The aspect that is analogous to now with respect to emerging markets was détente -- Russia was brought into the free market, and that became a big factor. Interestingly, wheat was the first commodity to take off, and from there everything followed. "You had a sense that almost every commodity just took off, surpassed their old time highs by quite a bit, and just surprised everybody. It caught the industry off guard."
Stoken states that there was a stronger case for inflation then, then now. "Inflationary expectations were embedded in the environment of the 1970s. That meant both prices and wages were escalating. In the current environment, so far, the wage element is missing. While in the present environment there are a variety of factors which are feeding into higher prices for commodities, beginning with low interest rates spurring monetary growth and a couple of decades of benign prices decreasing incentives to develop commodity production," says Stoken. "For example, increase in agricultural productivity has not kept pace with demand from China and India. We've come as close to a perfect storm as we can."
As to the theory of commodity index funds and ETFs playing into the cycle of higher commodity prices which was recently brought up in hearings on Capital Hill, Stoken thinks "most definitely... it's almost all on the bull side, but at the same time the situation couldn't develop without underlying fundamentals."
Generally, Strategic Investments' trading approach is multi-faceted and has an ongoing development process dating back to the inception of its track record in 1992. Their stated competitive advantage comes from a long-term trend following approach, emphasis on risk management, and a proprietary blend of relative strength and volatility adjustments which directly influences how positions are constructed.
The Commodity Program trades precious metals, energies, grains, meats and softs, and utilizes different fundamental models for each sector. The objective is to "try to use the technicals and marry them with the fundamentals." With certain fundamental models, such as with the grains, technicals are mapped more stringently to the fundamentals, but with other markets like crude oil, fundamentals are loosely mapped.
"We've reduced our trading to three sectors. Metals in which gold is our core market, energies where oil is our core market, and agriculturals which include grains, meat and soft markets such as cotton, sugar and cocoa, but the core market is corn," explains Stoken. "We will stick with core markets until another market within a sector is showing more promise. Relative strength is used to make that determination."

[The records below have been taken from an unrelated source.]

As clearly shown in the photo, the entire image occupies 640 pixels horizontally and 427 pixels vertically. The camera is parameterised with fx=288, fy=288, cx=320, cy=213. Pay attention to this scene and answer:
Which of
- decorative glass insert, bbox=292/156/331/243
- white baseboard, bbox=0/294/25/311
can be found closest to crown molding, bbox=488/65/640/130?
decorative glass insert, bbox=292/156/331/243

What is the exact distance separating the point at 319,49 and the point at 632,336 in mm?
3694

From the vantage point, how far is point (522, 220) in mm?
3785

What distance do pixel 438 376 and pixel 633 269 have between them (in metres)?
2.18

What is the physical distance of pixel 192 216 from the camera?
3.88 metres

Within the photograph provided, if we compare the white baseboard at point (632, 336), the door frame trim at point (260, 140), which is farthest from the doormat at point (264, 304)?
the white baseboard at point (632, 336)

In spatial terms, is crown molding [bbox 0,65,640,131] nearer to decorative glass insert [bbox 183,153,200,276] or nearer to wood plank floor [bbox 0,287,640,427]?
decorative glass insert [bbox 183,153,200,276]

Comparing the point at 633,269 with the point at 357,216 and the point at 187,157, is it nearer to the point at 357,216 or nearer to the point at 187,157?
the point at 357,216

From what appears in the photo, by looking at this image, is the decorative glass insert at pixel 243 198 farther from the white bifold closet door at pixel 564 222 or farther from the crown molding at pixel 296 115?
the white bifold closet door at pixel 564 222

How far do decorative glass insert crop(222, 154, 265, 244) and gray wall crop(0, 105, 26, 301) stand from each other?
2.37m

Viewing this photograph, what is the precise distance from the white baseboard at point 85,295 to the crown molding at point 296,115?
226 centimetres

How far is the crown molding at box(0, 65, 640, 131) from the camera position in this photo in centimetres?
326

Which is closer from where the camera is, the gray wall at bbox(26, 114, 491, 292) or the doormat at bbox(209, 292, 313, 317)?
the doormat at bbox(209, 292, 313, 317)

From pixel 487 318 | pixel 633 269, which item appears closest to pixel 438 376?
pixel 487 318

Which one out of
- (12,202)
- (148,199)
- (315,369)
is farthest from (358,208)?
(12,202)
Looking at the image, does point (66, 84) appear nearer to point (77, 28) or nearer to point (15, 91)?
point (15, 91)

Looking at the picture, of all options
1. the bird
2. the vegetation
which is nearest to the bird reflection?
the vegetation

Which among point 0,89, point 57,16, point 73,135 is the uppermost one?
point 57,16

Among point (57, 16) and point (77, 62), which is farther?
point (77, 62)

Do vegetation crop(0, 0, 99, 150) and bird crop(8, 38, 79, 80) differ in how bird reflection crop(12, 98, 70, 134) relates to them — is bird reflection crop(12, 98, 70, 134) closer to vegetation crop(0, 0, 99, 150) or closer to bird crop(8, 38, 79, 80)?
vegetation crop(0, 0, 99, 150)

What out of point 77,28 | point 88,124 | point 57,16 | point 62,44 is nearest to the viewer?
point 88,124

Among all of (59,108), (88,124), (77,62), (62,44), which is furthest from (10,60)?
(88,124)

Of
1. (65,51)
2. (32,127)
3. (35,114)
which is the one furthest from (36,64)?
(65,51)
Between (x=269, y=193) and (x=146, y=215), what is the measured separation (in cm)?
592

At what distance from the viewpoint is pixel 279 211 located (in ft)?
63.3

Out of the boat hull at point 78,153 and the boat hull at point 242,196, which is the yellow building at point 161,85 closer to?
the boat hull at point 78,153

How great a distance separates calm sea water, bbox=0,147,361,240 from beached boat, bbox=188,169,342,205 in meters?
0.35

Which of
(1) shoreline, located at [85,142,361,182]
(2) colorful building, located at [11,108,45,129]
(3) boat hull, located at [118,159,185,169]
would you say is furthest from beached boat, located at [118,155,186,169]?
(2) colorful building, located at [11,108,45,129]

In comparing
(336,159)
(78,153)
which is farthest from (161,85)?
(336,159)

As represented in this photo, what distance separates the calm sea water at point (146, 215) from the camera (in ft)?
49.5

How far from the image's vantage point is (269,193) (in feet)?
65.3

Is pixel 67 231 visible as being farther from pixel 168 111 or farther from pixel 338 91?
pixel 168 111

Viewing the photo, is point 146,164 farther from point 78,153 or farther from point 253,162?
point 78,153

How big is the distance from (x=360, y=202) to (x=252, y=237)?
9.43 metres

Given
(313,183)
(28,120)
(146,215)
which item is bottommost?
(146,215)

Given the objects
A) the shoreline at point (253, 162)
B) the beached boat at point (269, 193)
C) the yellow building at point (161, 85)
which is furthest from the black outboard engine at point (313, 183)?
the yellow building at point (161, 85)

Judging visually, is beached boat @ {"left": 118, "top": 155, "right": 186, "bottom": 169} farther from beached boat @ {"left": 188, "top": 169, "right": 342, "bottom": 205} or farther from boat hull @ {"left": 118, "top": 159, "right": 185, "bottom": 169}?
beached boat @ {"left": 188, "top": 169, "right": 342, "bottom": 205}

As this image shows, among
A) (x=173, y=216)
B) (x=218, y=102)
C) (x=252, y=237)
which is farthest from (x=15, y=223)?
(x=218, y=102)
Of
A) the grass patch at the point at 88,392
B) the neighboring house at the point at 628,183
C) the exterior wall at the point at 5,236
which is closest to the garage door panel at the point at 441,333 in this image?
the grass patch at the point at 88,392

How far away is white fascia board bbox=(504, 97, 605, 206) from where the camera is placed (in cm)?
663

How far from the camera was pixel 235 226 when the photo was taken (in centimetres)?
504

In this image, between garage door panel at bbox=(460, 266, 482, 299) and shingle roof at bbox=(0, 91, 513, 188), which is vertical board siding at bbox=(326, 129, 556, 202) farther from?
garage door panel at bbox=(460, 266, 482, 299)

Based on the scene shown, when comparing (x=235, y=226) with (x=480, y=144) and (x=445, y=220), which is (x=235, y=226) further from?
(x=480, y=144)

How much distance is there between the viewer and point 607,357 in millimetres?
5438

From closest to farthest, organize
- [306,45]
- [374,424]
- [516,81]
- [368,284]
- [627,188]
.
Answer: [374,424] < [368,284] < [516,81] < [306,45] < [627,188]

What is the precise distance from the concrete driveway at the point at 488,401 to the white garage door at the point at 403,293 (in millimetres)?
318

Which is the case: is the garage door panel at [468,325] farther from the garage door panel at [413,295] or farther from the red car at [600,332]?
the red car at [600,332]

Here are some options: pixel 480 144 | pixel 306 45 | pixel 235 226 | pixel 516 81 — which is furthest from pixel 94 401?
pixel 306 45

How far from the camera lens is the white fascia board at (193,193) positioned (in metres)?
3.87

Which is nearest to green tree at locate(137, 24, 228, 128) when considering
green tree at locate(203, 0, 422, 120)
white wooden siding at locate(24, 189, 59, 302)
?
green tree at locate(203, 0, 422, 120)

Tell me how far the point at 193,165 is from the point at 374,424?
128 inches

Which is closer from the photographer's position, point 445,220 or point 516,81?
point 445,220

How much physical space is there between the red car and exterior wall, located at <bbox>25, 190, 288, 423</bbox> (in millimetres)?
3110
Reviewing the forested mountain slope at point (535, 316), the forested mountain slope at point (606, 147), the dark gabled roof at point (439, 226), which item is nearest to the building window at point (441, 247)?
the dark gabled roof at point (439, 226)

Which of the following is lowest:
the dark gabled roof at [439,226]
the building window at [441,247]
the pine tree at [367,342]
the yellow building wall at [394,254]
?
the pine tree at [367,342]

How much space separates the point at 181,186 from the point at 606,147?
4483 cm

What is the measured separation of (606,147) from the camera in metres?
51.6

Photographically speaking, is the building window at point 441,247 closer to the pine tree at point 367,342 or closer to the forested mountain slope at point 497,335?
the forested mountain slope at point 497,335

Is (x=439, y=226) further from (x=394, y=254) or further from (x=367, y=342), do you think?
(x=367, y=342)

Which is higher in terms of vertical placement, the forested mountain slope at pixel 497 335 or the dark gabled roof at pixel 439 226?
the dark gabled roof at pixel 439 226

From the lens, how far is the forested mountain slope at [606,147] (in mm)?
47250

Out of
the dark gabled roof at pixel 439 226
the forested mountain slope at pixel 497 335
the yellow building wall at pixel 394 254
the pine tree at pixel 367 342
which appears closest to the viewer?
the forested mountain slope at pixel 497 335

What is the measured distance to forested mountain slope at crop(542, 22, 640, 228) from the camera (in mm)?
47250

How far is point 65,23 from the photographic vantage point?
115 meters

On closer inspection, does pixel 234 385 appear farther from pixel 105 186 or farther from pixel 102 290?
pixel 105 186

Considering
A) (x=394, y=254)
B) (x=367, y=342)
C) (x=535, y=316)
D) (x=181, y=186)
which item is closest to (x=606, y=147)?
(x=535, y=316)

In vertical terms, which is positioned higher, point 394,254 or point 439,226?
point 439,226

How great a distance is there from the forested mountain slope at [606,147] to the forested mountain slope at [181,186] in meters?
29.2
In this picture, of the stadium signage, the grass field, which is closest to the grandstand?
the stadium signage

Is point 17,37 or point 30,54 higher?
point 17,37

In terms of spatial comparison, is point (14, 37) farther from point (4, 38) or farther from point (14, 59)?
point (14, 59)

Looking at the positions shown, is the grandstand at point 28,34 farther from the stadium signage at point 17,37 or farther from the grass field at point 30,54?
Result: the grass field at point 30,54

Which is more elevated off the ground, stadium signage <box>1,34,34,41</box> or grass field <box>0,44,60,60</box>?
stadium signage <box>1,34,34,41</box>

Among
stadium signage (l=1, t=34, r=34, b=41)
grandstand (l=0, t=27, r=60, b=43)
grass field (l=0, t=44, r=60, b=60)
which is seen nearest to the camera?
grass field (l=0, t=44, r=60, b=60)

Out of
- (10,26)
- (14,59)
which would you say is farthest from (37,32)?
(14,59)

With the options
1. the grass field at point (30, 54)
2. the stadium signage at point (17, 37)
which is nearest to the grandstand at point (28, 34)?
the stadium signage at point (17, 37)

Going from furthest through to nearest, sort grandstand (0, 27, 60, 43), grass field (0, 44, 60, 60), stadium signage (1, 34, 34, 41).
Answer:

As a variety of these markets have become increasingly frothy, Stoken is "starting with the assumption that we're basically in 'nose-bleed' territory. But also with the idea that we don't know if we're in the sixth inning of a twelve inning game, or the eleventh inning. So we're trading much more carefully."
This aversion to risk plays into an important aspect of Strategic Investment's approach. Risk control is facilitated with the use of volatility models to determine when a specific market's volatility has increased to the point where risk is unacceptable. Stoken also uses technical tools to indicate entry and exit points, as well as requiring confirmation that both technicals and fundamentals are working in the same direction.
Stoken explains further, "Having a technical part of our system, which is a large part, means that we are trend followers and can't anticipate or say that it's a top or not. And even if our fundamental models say that the market is turning bearish, it becomes an indicator to get out, not to go short."
In effect, Stoken does not initiate or maintain positions which conflict with the long term trend as identified by Strategic Investments' proprietary algorithms. "Our trend identification and risk management are our strengths. In addition to constant risk monitoring, we've built into our system volatility gauges which when triggered immediately decrease the leverage of the particular trade and tightens our stops. This is in addition to our low margin-to-equity usage, which averages between 6% and 10%."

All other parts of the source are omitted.